Ahora Torra se nos va a hacer de izquierdas cuando tira por la religión, y va a resultar que a él le gustan los curas de Cantinflas

 Torra no es que no crea en el Dios de Gaudí, que es rico y vivo como sus selvas y dragones de gemas y colores, es que no cree en el Dios de un señor de Teruel como es el cardenal. Omella ha venido a meter a un Dios de Teruel en Barcelona, y eso es lo que importa, no el virus ni las normas. Dios puede pasearse por la Barcelona infectada, por la Sagrada Familia que es un jardín de orquídeas de Dios con la altura de su nariz, pero siempre que no sea un Dios de Teruel, sino un Dios catalanista, con su dogma catalanista y su liturgia catalanista como un latín catalán. Torra dice que a él le educaron en la Teología de la Liberación, como si Cataluña fuera una favela; que le gustan los curas de barrio, los que están “al lado de los pobres y de los presos”, como un Dios de Los chunguitos. Ahora Torra se nos va a hacer de izquierdas cuando tira por la religión, y va a resultar que a él le gustan los curas de Cantinflas y los papas de Anthony Quinn. Pero todo es por no decir que él lo que no quiere es un Dios de Teruel, estando el Dios pujolista de Montserrat, que es una mezcla de Dios tribal, Dios de los Borgia y Dios culé.

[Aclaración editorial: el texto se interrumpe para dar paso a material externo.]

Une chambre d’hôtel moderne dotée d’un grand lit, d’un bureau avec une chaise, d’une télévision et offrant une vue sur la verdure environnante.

Ellos tienen su Dios como tienen su virus, y ese Dios no parece un señor de Teruel perdido en la Sagrada Familia como en el Barrio Gótico. En Montserrat, con abades adeptos, con retablos de infiernos ideológicos, allí al lado de los Pujol con cirio fariseo, allí es donde ha rezado Torra, más que en los barrios con iglesias como gimnasios o naves de ferralla. Torra multa, pero si llega a ser Puigdemont lo mismo secuestra al cardenal como Napoleón secuestró a Pío VII. Sí, ellos tienen su Dios como tienen su virus, y hasta van unidos. Su Dios y su plaga, su Dios y su cayado de serpiente, su Dios y su Moisés un poco tirolés, o sea Puigdemont. Se multa la misa del cardenal más por española que por infecciosa. Quizá no hay diferencia y por eso ellos lo purifican con la misma lejía, el mismo hisopo y el mismo fuego.

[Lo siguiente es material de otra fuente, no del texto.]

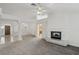 Open concept living room with fireplace, plush carpet and elegant columns at 7501 Bush Garden Ave, Las Vegas, NV 89129
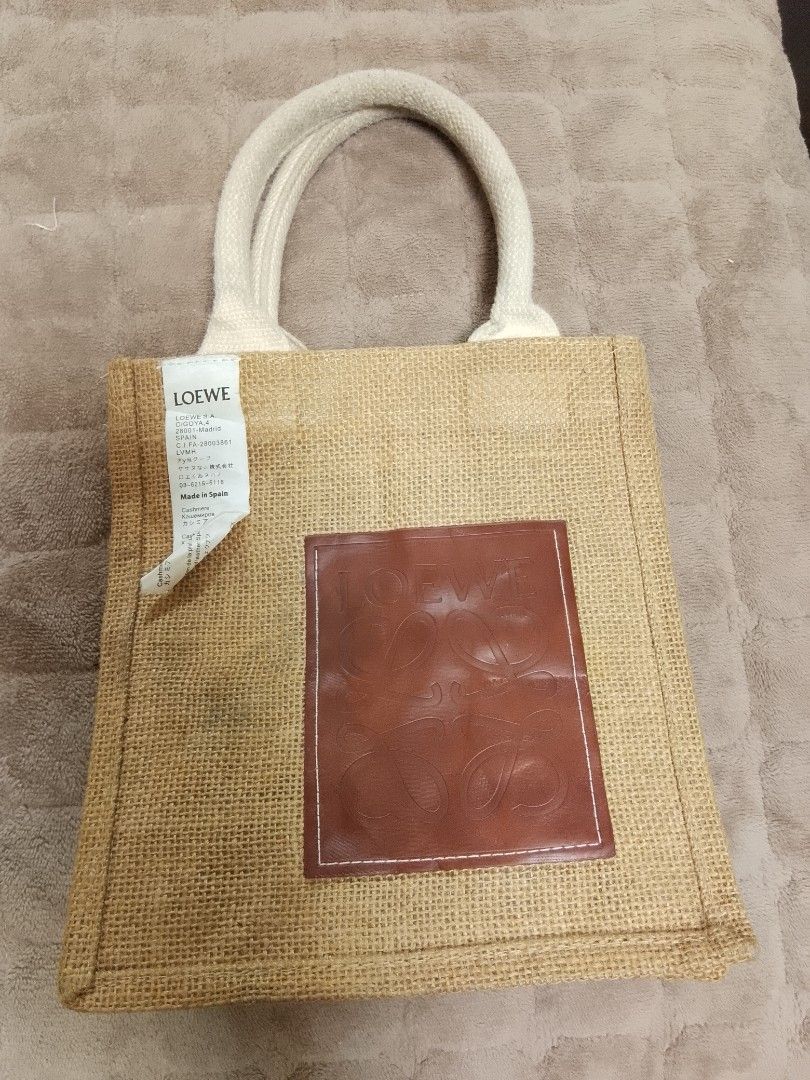 Loewe Jute Tote Bag (Category: Luxury Bags & Wallets) located in Talisay. Submitted by southernthrifts (Listing ID 1463136866, Image 1). Description: - Authentic Loewe Anagram tote bag - Material: Jute - Color: Natural beige - Features iconic Loewe anagram logo on leather patch - White handles - Ideal for everyday use or as a beach bag - Made in Spain.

En la Sagrada Familia, hecha de estalagmitas del cielo por fuera y de luz y savia por dentro, se celebran ceremonias prohibidas por la gravedad, por el virus o por Torra. El cardenal Juan José Omella, arzobispo de Barcelona, presidente de la Conferencia Episcopal, príncipe de la Iglesia que parece disponer o vestir la canastilla del mismo Dios, ha sido sancionado por la Generalitat por dar misa allí como dentro de una burbuja del Paraíso, ignorando las burocracias terrenas. Torra tiene una pelea nerviosa contra el virus, como contra Madrid, y ha terminado metiendo en ella hasta a los peinadores de la Santísima Trinidad.